Il primo contatto non va a buon fine. «Non voglio intralciare il lavoro dei magistrati. Né gettare la mia vita nel tritacarne». Poi, rassicurata sul fatto che la sua identità resterà protetta, la signora V. risponde. Anche per un altro motivo. «Non pensavo di dover affrontare, dopo la violenza, anche il dileggio. Lui bello, io normale. Quando l’ho letto non credevo ai miei occhi. Questo non riguarda l’inchiesta, posso e voglio dirlo».
Signora V., da quanti anni fa l’agente di commercio di vino?
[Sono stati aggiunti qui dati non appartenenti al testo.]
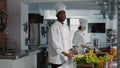 Portrait of african american chef cooking gourmet meal Royalty Free Stock Photo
«Da quasi 30. Non era un mio sogno, è stato un ripiego. Ma l’ambiente mi ha conquistato, ci sono storie di cultura e sapere nel vino. Io studiavo Legge, mio padre morì all’improvviso, fui costretta a rimboccarmi le maniche».
È sicura di non aver mai visto il senatore Silvestro, prima dell’incontro nel suo studio a San Luigi dei Francesi?